Mit lauter Discomusik und jubelnden Gelächter eröffnet das Stück, die Protagonisten in höchster Euphorie. Sorglos fahren sie weiter, als sie mit einem lauten Knall einen Kinderwagen überfahren. Ihre rauschende Fahrt endet auf dem soeben beschriebenen Schrottplatz – nicht gerade ein romantischer Ort, um eine Verabredung ausklingen zu lassen. Der Mann, ein ungepflegt wirkender Macho, gespielt von Sebastian Goller, versucht zu Anfangs, seine Angebetete, gespielt von Barbara Bauer, zu beeindrucken, indem er mit seinem Gewehr auf die für den Zuschauer unsichtbaren Ratten schießt. Immer wieder aufs Neue ertönen Maschinengewehrsalven, unterstrichen durch flackerndes, grelles Licht.
Was steckt unter der Karosserie?
Beide sitzen auf der Kante vor den Plakatwänden, zappeln nervös mit den Füßen. Hier ein Kichern ihrerseits, er schaut zu ihr, sie schaut weg… Seinen Versuch, sie zu küssen, wehrt sie ab – Sie kenne ihn doch nicht. Jetzt wird langsam das Thema klar: Wen kennt man denn schon wirklich? Er kennt nur sein Auto, das er mit eigenen Händen auseinander und wieder zusammen gebaut hat. Er ist ein Außenseiter und niemand weiß, wer er ist, genauso wenig wie er jemand anderen richtig kennt. Eine Geste ihrerseits wie eine Statue. „Finde es heraus, lerne mich kennen!“ will sie damit sagen. Es beginnt damit, dass die Jackentaschen entleert werden, Zippo, Zigaretten, und andere Kleinigkeiten. Dann ihre Handtasche. Schminke, Geld, ein Buch, Zeitschriften. Als nächstes die Handys. Ein materielles Besitztum nach dem anderen landet auf dem Müll. Sein Geldbeutel ist an der Reihe. Nachdem das Geld am Boden liegt, zerreißt sie es, damit er es nachher nicht wieder aufheben kann, Doch er belehrt sie. Wieso sollte er es wieder aufheben? Ist das Geld erst einmal weg, wird nichts mehr so sein wie vorher.

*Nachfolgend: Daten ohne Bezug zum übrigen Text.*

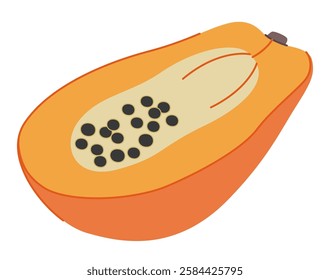 Papaya fruit, cut half with black seeds. Exotic tropical food, fresh ripe sweet pawpaw cross-section piece. Natural vitamin healthy eating. Flat vector illustration isolated on white background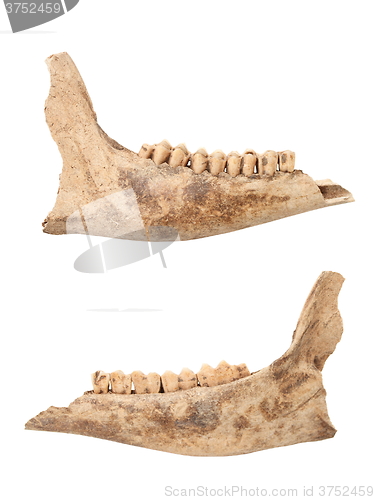 Image of red deer doe isolated mandible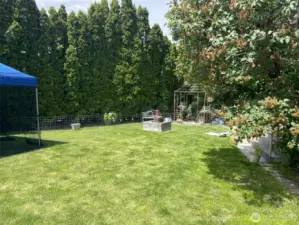 Nice big back yard with lots of planted flowers.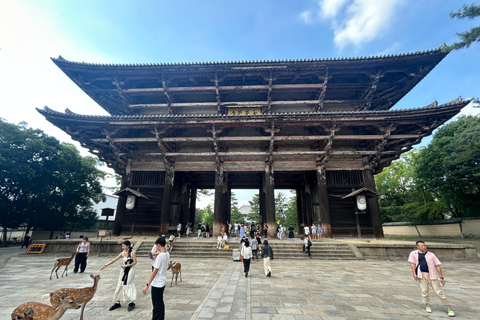 Nara: tour con ciervos, el Gran Buda y demostración de mochi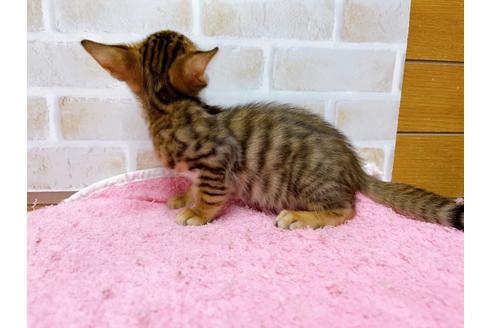 成約済の東京都のトイガー-37117の7枚目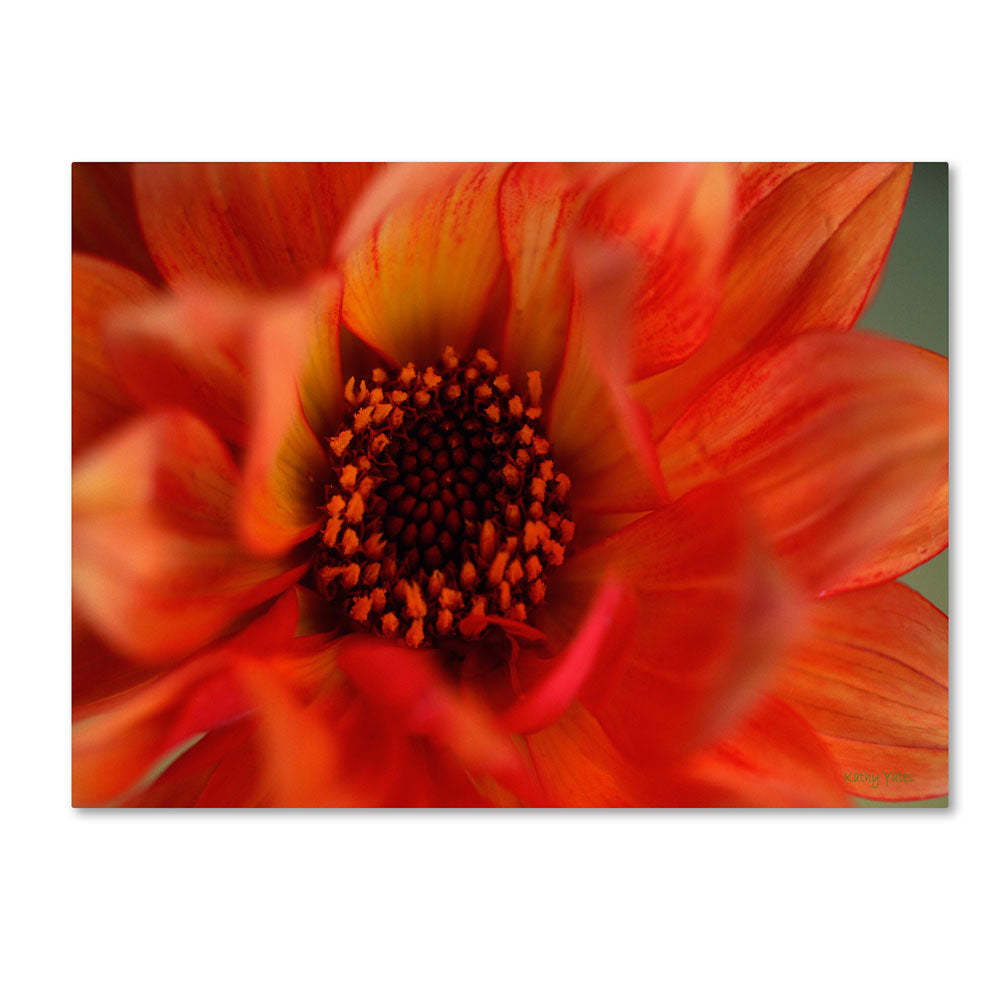 Kathy Yates Fiery Dahlia 14 x 19 Canvas Art Image 1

Ich finde, anfangs macht er durch sein Macho-Gehabe einen absolut unsympathischen Eindruck, doch an dieser und vielen anderen Stellen zeigt sich, dass er viel schlauer ist, als es sich vielleicht auf den ersten Blick vermuten lässt. Er macht sich Gedanken über unsere Gesellschaft und ist deshalb meiner Meinung nach ein sehr sympathischer Charakter. Sie dagegen vermittelt mir eher den Eindruck, dass sie nicht wirklich daran glaubt, was er versucht, ihr klarzumachen. Sie macht zwar den Vorschlag, dass er sie „auseinanderbauen“ und jedes Einzelteil betrachten darf, doch sträubt sich immer wieder dagegen, sich ihm tatsächlich zu öffnen und die Sache auch durchzuziehen.
„Der Arsch ist auch nur ein Mensch“
Noch mehr Dinge, unter anderem teure Computer und Filme werden ausgemistet, sein komplettes Auto wird leer geräumt. Wie in einem Wahn wird ein Gegenstand nach dem anderen weggeworfen, die jeweiligen Werbeslogans wie einen Hohngesang laut ausrufend. Sie befreien sich von der Macht, die diese eigentlich so nichtigen Sachen auf sie ausüben. Von dem Druck, dieses und jenes unbedingt besitzen zu müssen.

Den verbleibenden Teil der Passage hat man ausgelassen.